Before getting into my testing, I did include the C7 Cu in with our past coolers tested just to show the height differences. I normally do this to put cooling results into perspective but I ended up having to redo my testing. I don’t know if it is a firmware update or just testing in our new office, but it was clear that there was a difference in my temperature tests. So rather than include a lot of results that I didn’t trust to compare, I cut our testing down to comparing the Cryorig C7 and the C7 Cu against each other. Our past results showed that the C7 was the best performing low profile cooler, even over the newer AM4 focused Noctua NH-L9a, so I just wanted to see if the copper design would give an improvement. Don’t worry I will be working on retesting our past coolers in the new office as well so I can compare those later.
So if you are new to my testing, all of the details are listed in the previous section. Including everything about the test rig. But the short version is I do the testing using AIDA64 using the CPU diode for temperature results. I test three different AM4 CPUs that cover the range of the Ryzen lineup and I test twice, once with the fan at 100% and again with the fan set to the stock profile. I did this using the AIDA64 FPU stress test because it is the most demanding, well beyond what you will normally see in real-world use. Now, this test is so demanding a lot of the heatsinks are pushed past their limits, especially with tiny heatsinks like these. When that happens it reaches 75c and then it starts downclocking the CPU. That is why the clock speeds are included. You can see that both with the 1800X and 1600X things are being downclocked. That said there is a noticeable difference in both CPUs results with the C7 Cu. The same goes for the 1200, but with that CPU we are well below being underclocked. The difference was ¾ degrees.

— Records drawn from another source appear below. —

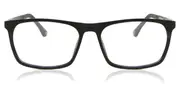 Square Clip-On Plastic Men's Glasses Online Black Size 56 - Lenses Included - Private Health Rebate - Blue Light Block - SmartBuy Collection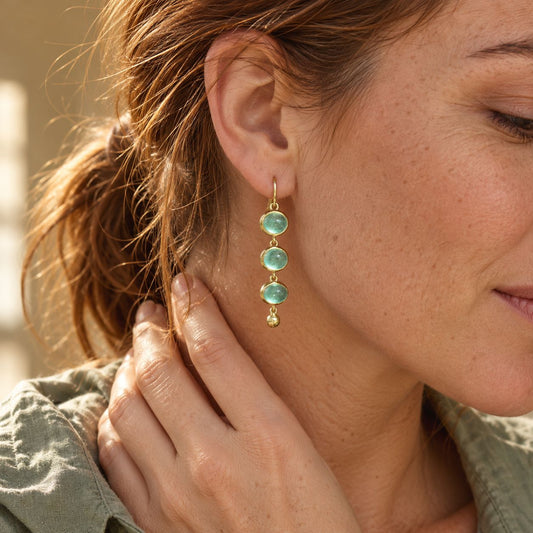 Vintage Dangling Light Emerald Earrings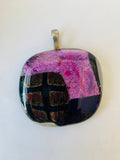 Hand Blown Purple Glass Pendent in Sterling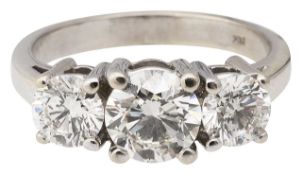 A diamond three stone ring
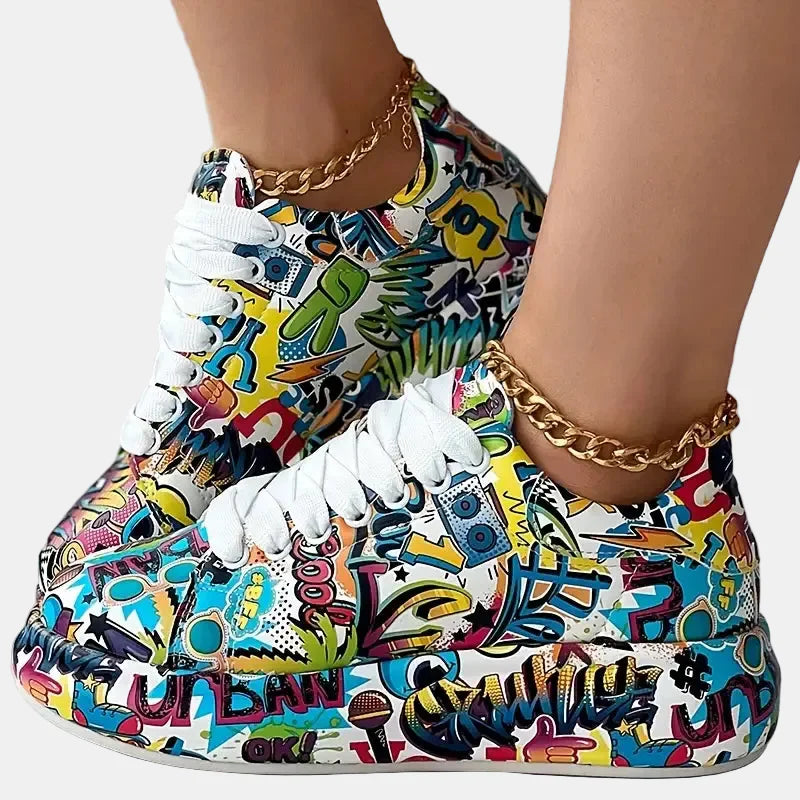 Veronika | Zapatillas Diseño de Graffiti Amortiguación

Now I do all of that testing again a second time, this time using the AIDA64 CPU stress test. This I have found is a lot more realistic to what you can expect for temperatures and all of your SFF fans can calm down. The Cryorig C7 Cu handled this testing really well, both coolers did really. The Cu ran a few degrees cooler in every test, averaging out the results I found that the C7 averaged 55.33 where the C7 Cu came in at 52.16 so three degrees cooler on average. That is an impressive performance jump with the same heatsink and fan design, just with a material swap.

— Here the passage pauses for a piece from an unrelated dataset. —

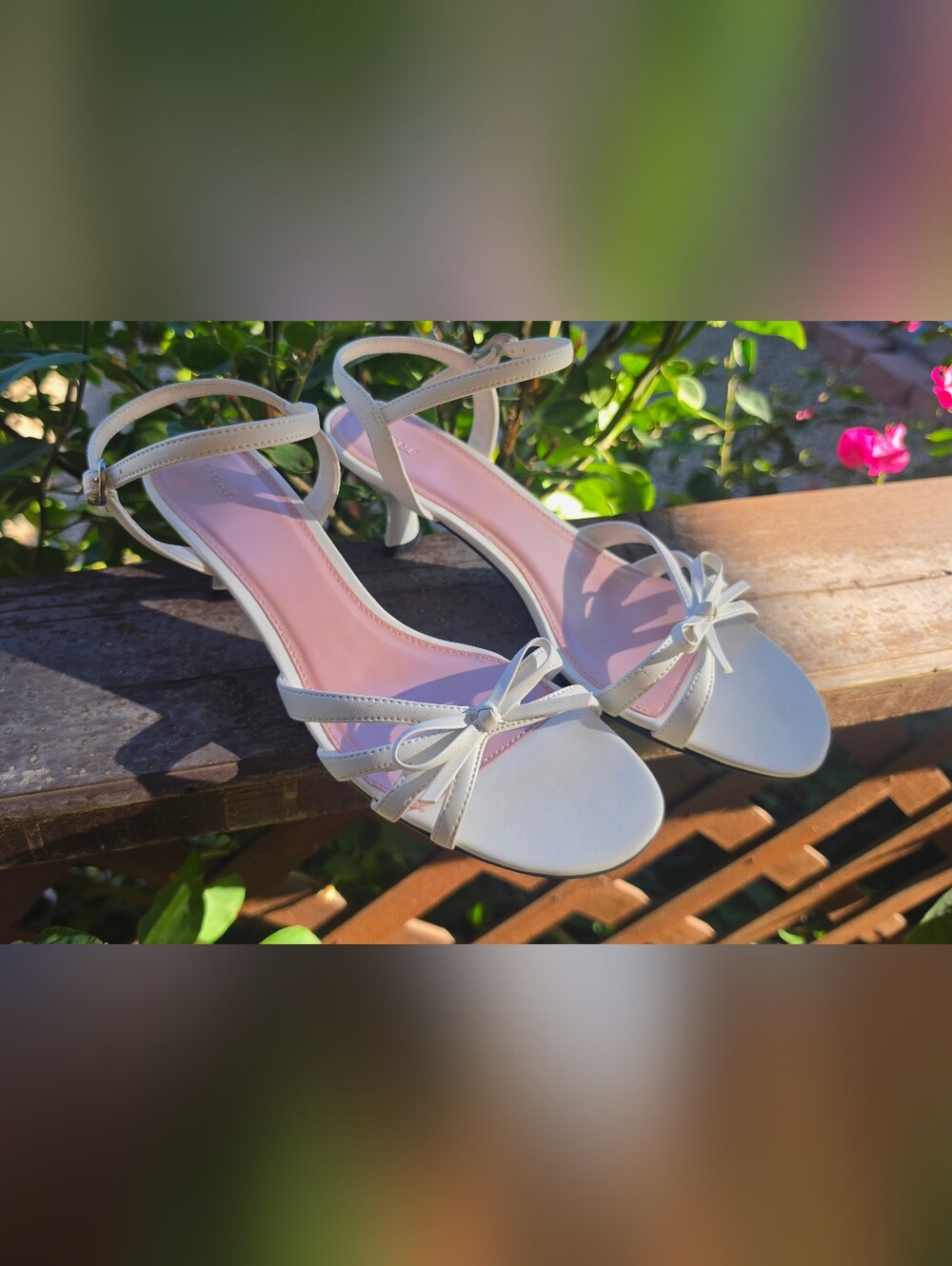 Fioni White Bow Kitten Heel Sandals Size 8 | Wedding Bridal Dressy Ankle Strap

For my last portion of testing, I did noise testing. Given the C7 and the C7 Cu have the same fan, only in different colors, I wasn’t expecting too much of a difference and I was right. I did, however, include our other coolers in this result, these results weren’t affected by our new office and or changes in our board's temperature reading. Overall the C7 design still isn’t the quietest, it was actually one of the loudest of the coolers tested. This is where the Noctua NH-L9a really pulled ahead. So be aware that better cooling performance will come at the cost of being able to hear the fan when it is running near 100% and that happens a lot more often in SFF builds.